Born in Poland in 1923, Peres spent the formative years of his youth under the tutelage of his grandfather, Rabbi Zvi Meltzer, where he learned the Talmud and followed Haredi Judaism, which is the most conservative form of Orthodox Judaism. In 1934, Peres and his family moved to Tel Aviv, which was still part of Palestine. During World War II, all of Peres’ remaining relatives in Poland were killed for their religious beliefs.
Peres began his career in government when he was appointed Deputy Director-General of the Ministry of Defense in 1952. He became a Member of the Knesset, Israel’s legislative body in 1959, but is perhaps best known for his work as Israel’s Foreign Minister starting in 1986.

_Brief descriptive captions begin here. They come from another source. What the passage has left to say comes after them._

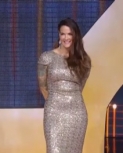 Filename=wrestlemania304_6_14.mp4
Filesize=71750KiB
Dimensions=0x0
Date added=Apr 06, 2023 wrestlemania304_6_14.mp4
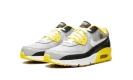 Air Max 90 GS "Yellow Strike"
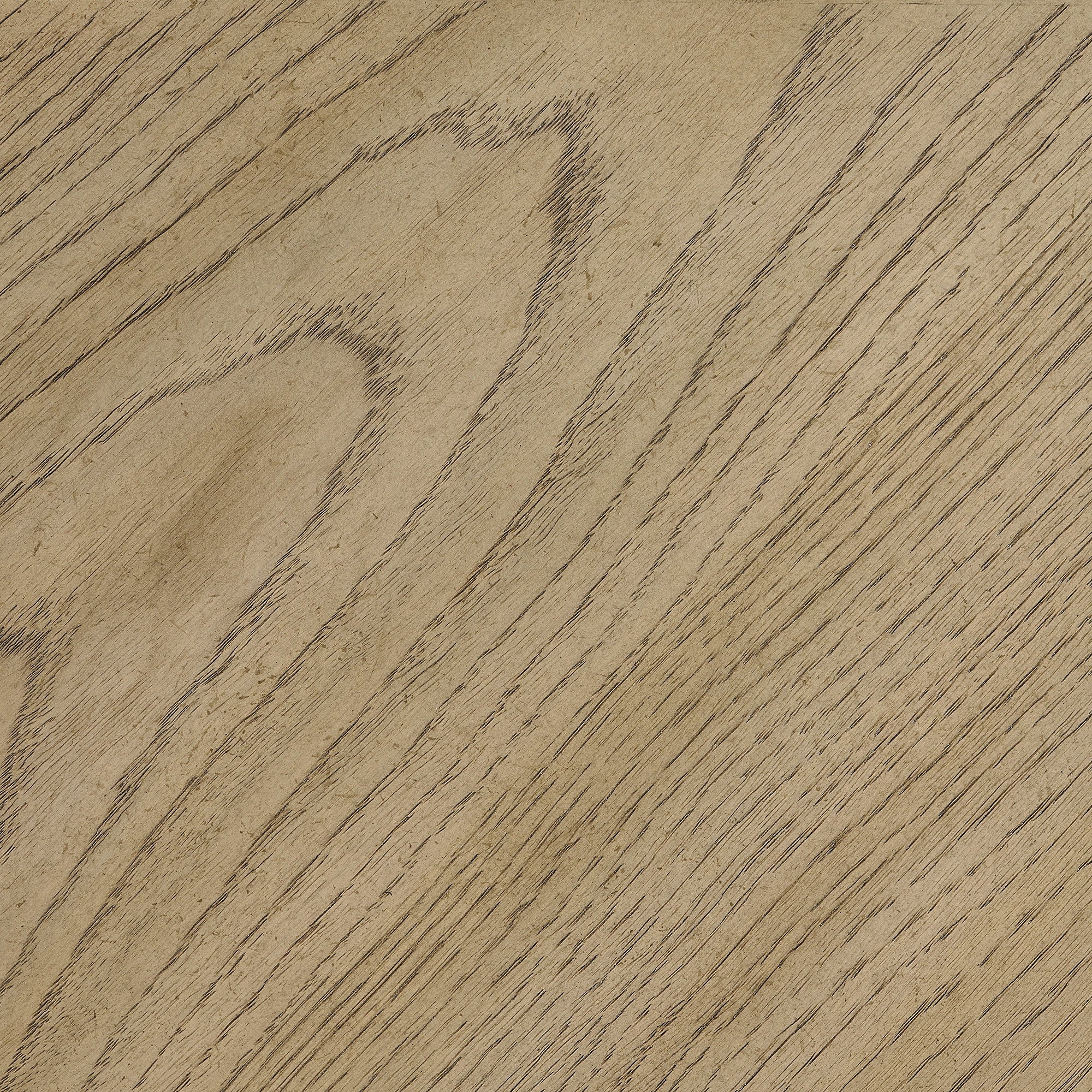 Master Chest, 10 Drawer Storage Furniture - Brown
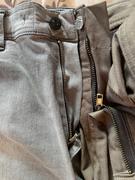 Psylo Fashion Groovy Pants Review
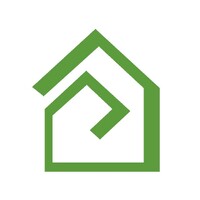 Verband Wohneigentum Hessen e.V. logo - Similar company to Bundesverband Grüne Liga E.V.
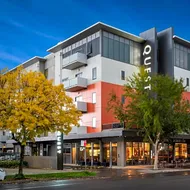 Quest Albury
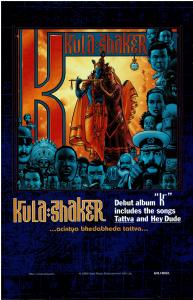 Star Wars - A New Hope Special #1 - #3, NM or Better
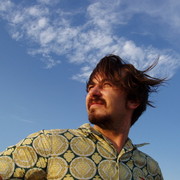 Александр Прохоров on My World.
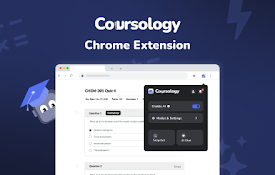 Coursology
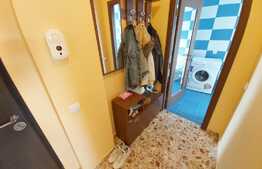 Apartament modern, 1 camera, 35 mp, parcare, imobil nou, zona Calea Turzii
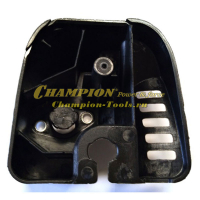 Опора воздушного фильтра GB227, GBV327S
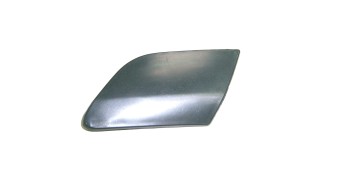 Windshield Washer Nozzle Cover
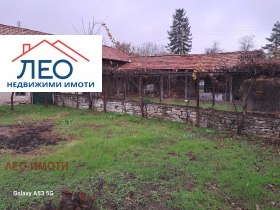 ������� ���� | Imot.bg � ����� ������ 12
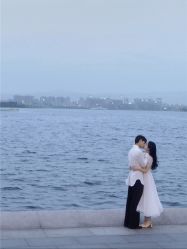 -摩玛婚纱摄影(杭州店)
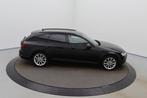 (1WMP873) AUDI A4 AVANT, Auto's, Gebruikt, https://public.car-pass.be/vhr/25ce875b-1f27-4f5a-99f3-3138a45cf1bb, 1984 cc, A4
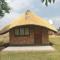 Pepe Piatto Lodge - Grootvlei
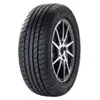 Image de Pneu d'hiver Voiture Snowroad Pro 3 195/50 R15 82H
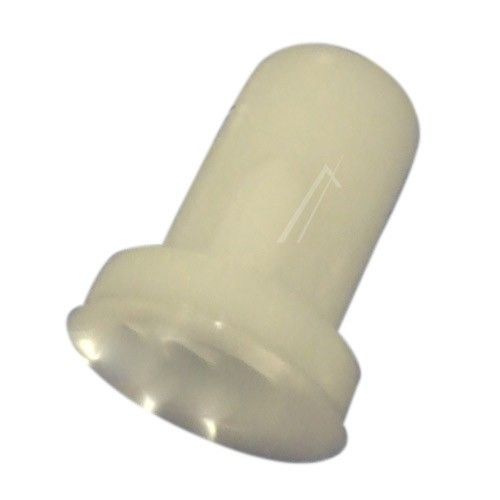 cerniera per frigorifero hotpoint-ariston c00173188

As foreign minister, Shimon Peres participated in 14 separate meetings in Oslo, Norway, with Yitzhak Rabin and Palestinian Chairman Yasser Arafat negotiating a path to peace. Throughout the lengthy meetings, both sides stayed in the same residence and often shared meals together, leading to a growing bond between the people involved. The Oslo Peace Accords were eventually signed by both sides on September 13, 1993 at the White House in Washington, D.C.
The Nobel Peace Prize 1994 was awarded jointly to Yasser Arafat, Shimon Peres and Yitzhak Rabin for their efforts to create peace in the Middle East. In his Nobel acceptance speech Peres stated that "classical diplomacy and strategy were aimed at identifying enemies and confronting them. Now they have to identify dangers, global or local, and tackle them before they become disasters."
In 2007 Peres was chosen by Kadima, a centrist and liberal political party in Israel, to run for President. Peres was elected by the Knesset on June 13, 2007. He was sworn in as President on July 15, 2007 for a seven-year term. He is the first former Prime Minister to be elected President of Israel. He continues to work on building a peaceful future as the President of Israel.
Indigenous Rights
Rigoberta Menchú Tum is a heroine to Maya Indians in Guatemala and indigenous peoples throughout the world. Born into an impoverished family in 1959, the daughter of an active member of the CUC (Committee of Campesinos [Agricultural Workers]), she joined the union in 1979, despite the fact that several members of her family had been persecuted for their membership. In the early 1980s, the Guatemalan military launched a “scorched earth campaign,” burning more than four hundred Mayan villages to the ground, massacring hundreds of children, women, and the infirm; and brutally torturing and murdering anyone suspected of dissenting from the policy of repression. The military killed up to two hundred thousand people, mostly Mayan Indians, and forced one million people into exile. Menchú’s mother and brother were kidnapped and killed, and her father burned alive. While the Guatemalan army marched against its people, the rest of the world remained almost completely silent.
In 1983, Menchú published her autobiography, an account of the Guatemalan conflict. I, Rigoberta Menchú was translated into twelve languages, and was an influential factor in changing world opinion about support for the military. Fifteen years later, discrepancies were found about certain details of the work, but there is no dispute regarding its essential truth and the massive suffering of Guatemala’s indigenous peoples at the hands of the hemisphere’s most brutal military government. In 1992, Rigoberta Menchú Tum won the Nobel Peace Prize for her work. Menchú has been forced into exile three times for her advocacy within Guatemala. Despite the threats, she continues her work today on human rights, indigenous rights, women’s rights, and development. In 1993 she was named a UNESCO Goodwill Ambassador. She has been active in trying to attain justice for the genocide of Guatemala, pursuing claims today in Spanish courts due to her country’s legacy of impunity for those in power.